Discuss the programming with your coach/program designer
Rather than making an assumption that there’s no reasoning behind gym programming, take the time to sit down with your coach (or whomever designs the programming at your box) to discuss your concerns. Be prepared to understand that a coach can’t design a training schedule to suit your specific needs and weaknesses. Instead, he or she must look to cater to all the members of your affiliate, and no two athletes are the same. Furthermore, your coach may inform you that the reason strength work has been limited in class recently (or weights have been substantially lighter, for example) is that you’re in the middle of a deload period, and he/she wants to focus on refining technique and building body-weight strength before launching into a new strength cycle at the start of the following month. While talking to your coach may or may not ease your concerns about the programming, you’ll never really know unless you ask.
Of course, part of your coach’s job is to address the needs and concerns of their athletes, so the mere fact that you’re making them aware of a lack of Weightlifting, gymnastics or that too great an emphasis is placed in one area can be extremely valuable. Your coach can then look back at their programming to see if workouts have been too random, without structure, too predictable without variance, or simply not well-designed (poor weight selection, scaling, etc), and make adjustments as necessary.
Are you being honest about why you don’t like the programming?
Come on now—just because you know the movements that you detest (because you suck at them) will make a weekly appearance in a workout isn’t reason to take issue with the programming. In fact, you should be grateful for the opportunity to work on areas that are hindering your progress. Through regular practice and work, not only will you see those weakness turn into strengths, but you’ll also notice how the increased attention to that area of your fitness is helping you in other movements. For example, if you are a poor overhead squatter—but slowly become more efficient at it thanks to dedicated programming at your box—your snatch will improve (thanks to the overhead receiving position). Now, if you’re asked to spend 15 minutes each day in class to work on a weakness, then that’s no fun for anyone. Still, be cognizant of whether you’re not enjoying your programming because it hurts your ego to work on weaknesses, or if it’s a question of getting more variance in the workout format.

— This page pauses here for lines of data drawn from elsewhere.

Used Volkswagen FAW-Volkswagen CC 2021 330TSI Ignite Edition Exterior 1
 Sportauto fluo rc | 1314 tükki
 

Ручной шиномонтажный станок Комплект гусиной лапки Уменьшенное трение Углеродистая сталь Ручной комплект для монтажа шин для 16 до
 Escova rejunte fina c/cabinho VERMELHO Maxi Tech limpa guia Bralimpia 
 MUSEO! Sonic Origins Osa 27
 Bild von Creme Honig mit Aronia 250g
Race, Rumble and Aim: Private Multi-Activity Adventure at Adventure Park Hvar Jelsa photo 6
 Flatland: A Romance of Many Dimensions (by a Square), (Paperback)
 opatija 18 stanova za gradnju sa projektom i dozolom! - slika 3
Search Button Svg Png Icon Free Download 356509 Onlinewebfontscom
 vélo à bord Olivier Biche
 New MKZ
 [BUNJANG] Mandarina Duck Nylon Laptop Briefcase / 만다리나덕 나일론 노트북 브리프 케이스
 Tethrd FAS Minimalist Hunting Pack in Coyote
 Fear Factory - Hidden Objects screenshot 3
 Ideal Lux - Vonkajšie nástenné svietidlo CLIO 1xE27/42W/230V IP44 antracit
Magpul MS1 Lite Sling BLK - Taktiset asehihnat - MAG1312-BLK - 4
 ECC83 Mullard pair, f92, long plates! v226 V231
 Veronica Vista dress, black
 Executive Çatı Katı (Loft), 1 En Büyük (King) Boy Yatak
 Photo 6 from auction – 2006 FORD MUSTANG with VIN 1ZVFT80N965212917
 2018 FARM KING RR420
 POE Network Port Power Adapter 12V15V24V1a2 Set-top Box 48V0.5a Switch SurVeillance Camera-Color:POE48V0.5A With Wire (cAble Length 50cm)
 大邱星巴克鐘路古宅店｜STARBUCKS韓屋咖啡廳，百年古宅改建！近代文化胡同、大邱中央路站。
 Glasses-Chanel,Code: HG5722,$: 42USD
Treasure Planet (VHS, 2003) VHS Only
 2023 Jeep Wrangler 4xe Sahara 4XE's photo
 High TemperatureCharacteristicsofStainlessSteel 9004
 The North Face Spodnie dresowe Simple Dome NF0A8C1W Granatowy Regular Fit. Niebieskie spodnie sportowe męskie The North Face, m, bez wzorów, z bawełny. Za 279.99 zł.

Plan B: Use open gym to follow different programming
This option is typically reserved for athletes fortunate enough to be members at affiliates that offer regular open gym hours throughout the week; and have the experience to train on their own. If this applies to you, then you needn’t get too upset over what you perceive to be poor programming from your coach. Instead, you can use open gym hours to your advantage by following any number of programs. The advantage of picking which program to follow (or even creating your own) is that you can train the way you want to—focusing on your weaknesses while hitting workouts you enjoy. On the flip side, you lose the many advantages of working out with a class—the camaraderie, the support, having people there to keep you honest and push you past your limitations. Of course, following your own programming doesn’t mean you can’t dabble in some classes too during the week. It’s not for everyone, but if you really want to have a more personalized program, this is your best bet
Last option? Find a new gym
It may seem extreme, but you have to remember that if you’re not enjoying your time at the box, your fitness will inevitably suffer. For many people, coming in every day to work out with their friends is enough. But if you feel that you’re simply not progressing at your current affiliate, that your coach isn’t heeding your concerns and you can’t think of an alternative solution, the best option is to start looking at other boxes that offer programming that catches your eye and where you think you can grow as an athlete. You’ll have to make sure that you pick the right gym though—you obviously picked your current box for a few reasons (location, cost, social group, etc.), so if you’re leaving in search of better programming, you may have to give up on some of the benefits you currently enjoy.